3. Solidarisch durch die Krise: Zusätzliche Maßnahmen dringend nötig!
Ebenfalls zur Abstimmung stand eine Beschlussvorlage zu „haushalterischen Maßnahmen im Zusammenhang mit der Corona-Krise„. Darin fasst die Verwaltung zusammen, für welche Maßnahmen sie in der Krise Geld ausgeben will. In der Debatte erklärte unser Ratsmitglied Benny Krutschinna: „Für uns sind diese Maßnahmen nicht ausreichend. Dass die Stadt für die Schließzeit von Schulen und Kitas auf die Elternbeiträge verzichtet, ist natürlich richtig, aber eigentlich auch eine Selbstverständlichkeit. Wir kritisieren, dass die Honorarkräfte bei der VHS und beim Familienpädagogischen Zentrum lediglich ein halbes Monatshonorar als Ausfallzahlung bekommen sollen.

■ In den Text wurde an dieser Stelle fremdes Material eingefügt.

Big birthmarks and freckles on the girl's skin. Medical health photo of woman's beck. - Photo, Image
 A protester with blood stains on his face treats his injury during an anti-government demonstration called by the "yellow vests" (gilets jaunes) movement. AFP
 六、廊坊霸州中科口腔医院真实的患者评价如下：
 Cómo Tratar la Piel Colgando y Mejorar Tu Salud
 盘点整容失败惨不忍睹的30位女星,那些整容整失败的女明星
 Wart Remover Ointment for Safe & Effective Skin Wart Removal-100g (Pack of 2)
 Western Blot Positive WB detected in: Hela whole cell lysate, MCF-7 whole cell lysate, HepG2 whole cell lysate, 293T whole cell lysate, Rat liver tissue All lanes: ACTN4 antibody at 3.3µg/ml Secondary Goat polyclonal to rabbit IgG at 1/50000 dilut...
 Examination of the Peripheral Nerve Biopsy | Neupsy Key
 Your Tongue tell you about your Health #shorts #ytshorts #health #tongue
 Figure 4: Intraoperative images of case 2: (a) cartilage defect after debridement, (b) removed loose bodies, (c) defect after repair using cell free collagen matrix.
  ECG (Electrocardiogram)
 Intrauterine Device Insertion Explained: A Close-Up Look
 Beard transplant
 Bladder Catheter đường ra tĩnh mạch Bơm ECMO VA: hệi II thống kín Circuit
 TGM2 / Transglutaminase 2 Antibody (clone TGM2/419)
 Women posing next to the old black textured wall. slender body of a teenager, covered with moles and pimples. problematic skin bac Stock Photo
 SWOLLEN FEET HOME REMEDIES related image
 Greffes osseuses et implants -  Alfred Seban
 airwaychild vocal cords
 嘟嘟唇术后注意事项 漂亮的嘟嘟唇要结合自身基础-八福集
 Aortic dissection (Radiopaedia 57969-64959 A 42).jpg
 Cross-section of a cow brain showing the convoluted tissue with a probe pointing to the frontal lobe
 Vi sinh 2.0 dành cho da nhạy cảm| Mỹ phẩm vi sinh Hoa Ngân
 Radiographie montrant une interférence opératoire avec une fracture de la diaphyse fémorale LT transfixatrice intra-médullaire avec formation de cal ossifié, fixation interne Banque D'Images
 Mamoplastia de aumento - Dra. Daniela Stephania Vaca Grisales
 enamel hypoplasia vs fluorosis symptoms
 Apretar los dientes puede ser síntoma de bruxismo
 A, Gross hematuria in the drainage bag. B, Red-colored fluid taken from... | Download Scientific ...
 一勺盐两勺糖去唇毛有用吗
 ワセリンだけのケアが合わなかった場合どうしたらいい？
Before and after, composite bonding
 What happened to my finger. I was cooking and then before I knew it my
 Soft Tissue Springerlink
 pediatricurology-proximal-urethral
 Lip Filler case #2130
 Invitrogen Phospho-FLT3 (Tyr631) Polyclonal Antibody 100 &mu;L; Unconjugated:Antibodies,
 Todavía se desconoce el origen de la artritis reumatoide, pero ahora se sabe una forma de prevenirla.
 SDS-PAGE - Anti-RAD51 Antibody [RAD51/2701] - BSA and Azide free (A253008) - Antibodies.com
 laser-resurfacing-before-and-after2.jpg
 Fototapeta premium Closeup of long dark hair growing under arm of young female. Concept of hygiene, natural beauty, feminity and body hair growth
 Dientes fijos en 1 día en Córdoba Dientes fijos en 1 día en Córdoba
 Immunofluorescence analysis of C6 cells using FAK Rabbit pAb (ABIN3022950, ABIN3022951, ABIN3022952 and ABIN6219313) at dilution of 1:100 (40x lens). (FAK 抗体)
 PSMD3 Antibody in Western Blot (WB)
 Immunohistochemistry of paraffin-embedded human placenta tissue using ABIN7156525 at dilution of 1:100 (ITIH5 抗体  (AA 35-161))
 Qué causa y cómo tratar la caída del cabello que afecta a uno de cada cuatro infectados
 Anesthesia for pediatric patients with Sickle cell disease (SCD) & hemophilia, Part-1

Das lindert die Not nur wenig. Die Stadt Bochum sollte für ihre prekär Beschäftigten die gleiche Verantwortung übernehmen wie für ihre festangestellten Mitarbeiter*innen.“ Die Rede im Wortlaut. Um mit den anderen Fraktionen frühzeitig ins Gespräch über zusätzliche Maßnahmen zu kommen, hatten wir bereits zur Sitzung des Haupt- und Finanzausschusses einen Antrag mit zehn Maßnahmen zur solidarischen Bewältigung der Corona-Krise eingereicht. Darin schlagen wir unter anderem vor, dass die Sparkasse bis auf weiteres auf die Erhebung von Dispozinsen verzichtet und dass dass das Bochumer Jobcenter auch bereits bestehende Hartz-IV-Sanktionen aussetzt. Außerdem sollen Obdachlose und Geflüchtete statt in engen Sammelunterkünften in zusätzlich angemieteten Ferienwohnungen und Hotels untergebracht werden. Ebenfalls beantragten wir: „So lange die Bevölkerung aufgefordert ist, Kontakte zu vermeiden und möglichst zuhause zu bleiben, wird die Verwaltung alle öffentlichen Sitzungen des Rates und seiner Gremien per Video-Stream auf der städtischen Internetseite übertragen.“ Mehr Infos zu unserem Maßnahmenpaket. Leider lehnte die Ratsmehrheit aus SPD und Grünen jeden einzelnen unserer Vorschläge zur Abmilderung der Folgen der Krise ab. Dazu Benny Krutschinna im Rat: „Das ist sehr schade und schlecht für die Menschen in unserer Stadt.“
4. Kurzarbeit: Übergroße Koalition für Ungleichbehandlung
Mit einem Dringlichkeitsantrag zur Ratssitzung haben wir außerdem auf die Ankündigung von städtischen Tochtergesellschaften reagiert, wegen der Corona-Krise Kurzarbeit anzumelden. Kurzarbeit im Öffentlichen Dienst war in der Vergangenheit nur in absoluten Ausnahmefällen möglich. Jedoch einigten sich die Gewerkschaften nun kurzfristig mit den Arbeitgeberinnen und Arbeitgebern auf die Änderung des Tarifvertrags bei gleichzeitiger Aufstockung des Kurzarbeiter*innengeldes auf 90 bzw. 95 Prozent des Netto-Einkommens. Anlass für unseren Dringlichkeitsantrag war nun, dass die städtischen Tochtergesellschaften und Beteiligungen ihre Angestellten nicht nach dem Tarifvertrag für den öffentlichen Dienst bezahlen, und dass nicht alle das Kurzarbeitergeld aufstocken wollen. Das führt zu der sozial ungerechten Situation, dass gerade in Bereichen, in denen sowieso schon weniger verdient wird, das Kurzarbeitergeld prozentual deutlich geringer ausfallen kann als bei den direkt bei der Stadt Beschäftigten. Um alle für die Stadt arbeitenden Beschäftigten gleichermaßen abzusichern und soziale Härten abzufedern, beantragten wir, dass bei allen Tochtergesellschaften und Beteiligungen das Kurzarbeitergeld mindestens genauso aufgestockt wird wie im Tarifvertrag für den öffentlichen Dienst vorgesehen. Unser Antrag im Wortlaut. Inhaltliche Argumente gegen unseren Antrag hatten die Vertreter*innen der anderen Fraktionen auf der Ratssitzung nicht vorzutragen – und trotzdem stimmte eine von SPD, CDU und Grünen angeführte Mehrheit gegen dieses bisschen mehr Sicherheit für alle, bei den städtischen Tochtergesellschaften und Beteiligungen arbeiten.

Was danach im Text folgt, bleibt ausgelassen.